Brief descriptive captions:
============
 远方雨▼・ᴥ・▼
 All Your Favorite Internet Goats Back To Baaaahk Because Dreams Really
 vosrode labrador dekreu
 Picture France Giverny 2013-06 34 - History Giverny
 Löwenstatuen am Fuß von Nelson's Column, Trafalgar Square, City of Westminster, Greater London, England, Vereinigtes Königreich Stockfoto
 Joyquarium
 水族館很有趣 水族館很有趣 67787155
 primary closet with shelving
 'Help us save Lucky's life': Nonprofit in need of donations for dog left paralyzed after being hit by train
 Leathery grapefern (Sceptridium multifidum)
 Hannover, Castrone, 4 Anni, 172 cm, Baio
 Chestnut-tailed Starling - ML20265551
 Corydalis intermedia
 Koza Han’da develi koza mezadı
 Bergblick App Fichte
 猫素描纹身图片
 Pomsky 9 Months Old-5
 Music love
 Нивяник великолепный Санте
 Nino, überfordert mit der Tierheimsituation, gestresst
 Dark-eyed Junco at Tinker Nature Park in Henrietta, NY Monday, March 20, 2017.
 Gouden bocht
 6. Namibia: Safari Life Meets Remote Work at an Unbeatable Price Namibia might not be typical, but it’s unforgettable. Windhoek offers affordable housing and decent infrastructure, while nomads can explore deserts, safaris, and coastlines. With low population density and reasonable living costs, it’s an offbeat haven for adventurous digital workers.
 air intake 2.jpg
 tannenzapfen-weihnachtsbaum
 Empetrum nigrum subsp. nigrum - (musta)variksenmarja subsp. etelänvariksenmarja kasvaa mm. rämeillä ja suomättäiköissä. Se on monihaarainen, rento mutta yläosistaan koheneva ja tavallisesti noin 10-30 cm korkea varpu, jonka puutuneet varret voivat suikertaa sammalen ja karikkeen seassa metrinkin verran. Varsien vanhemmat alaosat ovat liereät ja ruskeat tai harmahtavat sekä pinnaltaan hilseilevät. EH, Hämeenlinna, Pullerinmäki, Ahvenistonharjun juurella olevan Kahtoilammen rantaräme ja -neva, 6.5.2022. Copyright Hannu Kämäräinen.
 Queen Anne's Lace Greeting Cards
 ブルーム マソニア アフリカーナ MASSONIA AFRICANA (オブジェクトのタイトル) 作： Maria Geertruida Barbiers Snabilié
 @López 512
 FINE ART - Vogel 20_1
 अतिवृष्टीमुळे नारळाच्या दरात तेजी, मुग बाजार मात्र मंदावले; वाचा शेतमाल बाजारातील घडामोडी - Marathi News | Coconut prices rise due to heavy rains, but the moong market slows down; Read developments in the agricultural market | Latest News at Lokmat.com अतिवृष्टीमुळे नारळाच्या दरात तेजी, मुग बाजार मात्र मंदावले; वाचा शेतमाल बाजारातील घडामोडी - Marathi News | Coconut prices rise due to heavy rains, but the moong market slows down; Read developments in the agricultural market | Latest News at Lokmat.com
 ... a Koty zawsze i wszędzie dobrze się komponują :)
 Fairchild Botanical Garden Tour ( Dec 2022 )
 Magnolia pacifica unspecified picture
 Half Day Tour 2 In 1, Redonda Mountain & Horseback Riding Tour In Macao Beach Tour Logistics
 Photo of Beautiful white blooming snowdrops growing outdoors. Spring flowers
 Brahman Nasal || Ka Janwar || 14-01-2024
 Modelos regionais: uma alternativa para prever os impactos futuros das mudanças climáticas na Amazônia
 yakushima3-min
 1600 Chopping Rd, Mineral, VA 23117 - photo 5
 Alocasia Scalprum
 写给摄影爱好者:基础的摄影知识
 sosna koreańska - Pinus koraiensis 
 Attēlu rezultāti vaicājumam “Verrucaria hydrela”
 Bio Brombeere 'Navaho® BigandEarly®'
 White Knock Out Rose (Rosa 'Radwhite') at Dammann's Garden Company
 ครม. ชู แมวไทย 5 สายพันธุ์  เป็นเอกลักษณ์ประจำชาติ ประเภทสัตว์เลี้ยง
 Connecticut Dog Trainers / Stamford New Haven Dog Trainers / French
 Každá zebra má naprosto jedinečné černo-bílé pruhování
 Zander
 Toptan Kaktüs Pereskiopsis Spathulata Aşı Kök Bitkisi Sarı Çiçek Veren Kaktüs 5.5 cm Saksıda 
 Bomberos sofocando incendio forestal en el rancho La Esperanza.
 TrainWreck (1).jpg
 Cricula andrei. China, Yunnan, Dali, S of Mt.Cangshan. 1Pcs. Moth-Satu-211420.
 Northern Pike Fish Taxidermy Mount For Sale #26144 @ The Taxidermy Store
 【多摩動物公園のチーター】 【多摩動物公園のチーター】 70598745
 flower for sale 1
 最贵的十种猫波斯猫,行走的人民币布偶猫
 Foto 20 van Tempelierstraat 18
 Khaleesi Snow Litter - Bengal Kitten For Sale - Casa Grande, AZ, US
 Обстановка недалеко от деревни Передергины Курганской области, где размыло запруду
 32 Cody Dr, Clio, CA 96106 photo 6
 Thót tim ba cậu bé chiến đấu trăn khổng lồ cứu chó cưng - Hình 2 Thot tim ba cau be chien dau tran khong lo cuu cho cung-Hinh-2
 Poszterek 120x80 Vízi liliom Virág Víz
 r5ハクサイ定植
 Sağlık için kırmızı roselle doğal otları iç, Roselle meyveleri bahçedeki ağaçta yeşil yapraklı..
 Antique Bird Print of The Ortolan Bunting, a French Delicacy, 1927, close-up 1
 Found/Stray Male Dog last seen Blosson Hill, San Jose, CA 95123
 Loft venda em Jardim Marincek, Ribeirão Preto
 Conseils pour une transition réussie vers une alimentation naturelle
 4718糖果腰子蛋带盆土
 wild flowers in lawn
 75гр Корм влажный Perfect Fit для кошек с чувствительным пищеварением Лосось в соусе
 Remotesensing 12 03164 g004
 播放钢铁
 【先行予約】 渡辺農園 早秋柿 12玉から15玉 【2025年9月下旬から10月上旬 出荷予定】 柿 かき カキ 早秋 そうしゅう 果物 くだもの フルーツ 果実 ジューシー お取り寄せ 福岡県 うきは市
============
#### ACTIVITY
Start with the line above that contains "primary closet with shelving" and stop after the line that contains "Gouden bocht". Output those lines exactly, and only those.

#### WORKED SOLUTION
 primary closet with shelving
 'Help us save Lucky's life': Nonprofit in need of donations for dog left paralyzed after being hit by train
 Leathery grapefern (Sceptridium multifidum)
 Hannover, Castrone, 4 Anni, 172 cm, Baio
 Chestnut-tailed Starling - ML20265551
 Corydalis intermedia
 Koza Han’da develi koza mezadı
 Bergblick App Fichte
 猫素描纹身图片
 Pomsky 9 Months Old-5
 Music love
 Нивяник великолепный Санте
 Nino, überfordert mit der Tierheimsituation, gestresst
 Dark-eyed Junco at Tinker Nature Park in Henrietta, NY Monday, March 20, 2017.
 Gouden bocht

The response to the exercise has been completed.